“Ice Cathedral” in Swiss Alps offers visitors unique show | One America News Network

People stand in the
People stand in the “Mill”, a 20m long natural ice cave created by melted water accumulated during the summer and by a siphon effect leaves in the autumn giving way to an ice cathedral, at the Glacier 3000 ski resort in Les Diablerets, Switzerland, December 10, 2020. REUTERS/Denis Balibouse

December 11, 2020

By Denis Balibouse

LES DIABLERETS, Switzerland (Reuters) – An ice cave which forms naturally on a high-altitude glacier in the Swiss Alps became accessible on Thursday, to the delight of visitors who came to marvel at the huge blue vault of the “ice cathedral”.

Varying in size and shape from year to year, the cave has a rounded ceiling made of thick ice about 5 metres (yards) high, and is about 20 metres long.

The site can be reached on foot in 15 minutes from the chairlift at Glacier 3000 above the resort of Les Diablerets, but at your own risk, organisers said.

“It’s the first time we indicate it and open it officially.

The last years … we had kind of an ice cave but it was different, it was more steep. And this year it looks like an ice cathedral, so it’s really beautiful,” Bernhard Tschannen, CEO of Glacier 3000, told Reuters inside the cave.

This year the cave’s interior is quite flat, making access easier, he said.

The natural cave, also known as “the Mill”, forms through a siphon effect. Each spring and summer, the cavity fills with water from the snow melt, forming a lake. In autumn, the plug disappears and the water drains, leaving the cave.

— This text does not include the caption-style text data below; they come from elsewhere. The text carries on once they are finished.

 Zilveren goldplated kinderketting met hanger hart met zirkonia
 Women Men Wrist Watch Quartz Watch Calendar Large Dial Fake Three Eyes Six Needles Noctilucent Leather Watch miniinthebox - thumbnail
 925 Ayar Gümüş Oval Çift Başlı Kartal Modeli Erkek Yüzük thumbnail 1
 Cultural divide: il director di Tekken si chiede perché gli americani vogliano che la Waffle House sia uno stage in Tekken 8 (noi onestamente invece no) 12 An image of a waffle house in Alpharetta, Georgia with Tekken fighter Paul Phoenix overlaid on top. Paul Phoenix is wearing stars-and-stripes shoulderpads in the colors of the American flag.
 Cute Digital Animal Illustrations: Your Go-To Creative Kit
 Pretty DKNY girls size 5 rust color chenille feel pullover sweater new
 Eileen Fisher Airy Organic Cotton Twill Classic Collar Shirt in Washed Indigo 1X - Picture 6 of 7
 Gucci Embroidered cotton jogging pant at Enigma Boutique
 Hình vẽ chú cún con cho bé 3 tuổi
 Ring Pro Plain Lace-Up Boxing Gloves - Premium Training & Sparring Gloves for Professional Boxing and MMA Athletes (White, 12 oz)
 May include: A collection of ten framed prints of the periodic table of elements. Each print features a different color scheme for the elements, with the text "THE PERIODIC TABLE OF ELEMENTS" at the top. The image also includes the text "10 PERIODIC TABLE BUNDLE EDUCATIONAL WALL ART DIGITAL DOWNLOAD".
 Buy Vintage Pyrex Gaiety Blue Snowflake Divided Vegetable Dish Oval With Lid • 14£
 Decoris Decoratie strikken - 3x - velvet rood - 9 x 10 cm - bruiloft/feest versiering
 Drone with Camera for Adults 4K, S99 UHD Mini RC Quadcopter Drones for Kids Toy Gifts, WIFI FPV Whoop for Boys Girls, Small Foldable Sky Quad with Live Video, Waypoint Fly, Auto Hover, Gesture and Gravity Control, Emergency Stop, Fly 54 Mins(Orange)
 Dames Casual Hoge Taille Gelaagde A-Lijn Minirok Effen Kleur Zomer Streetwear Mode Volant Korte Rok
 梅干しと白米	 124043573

“It’s magnificent, but even that isn’t the right word. I’ve never seen anything like it. Almost as it’s not of this world in fact. It’s magnificent, I can only recommend it if you have the chance to go,” Helen Tromp, a Dutch woman living nearby said after visiting. Brice Rozes, touring the site on his day off, said: “It’s very impressive. The vault is incredible. Standing beneath it, you can just imagine the weight above. It’s beautiful.”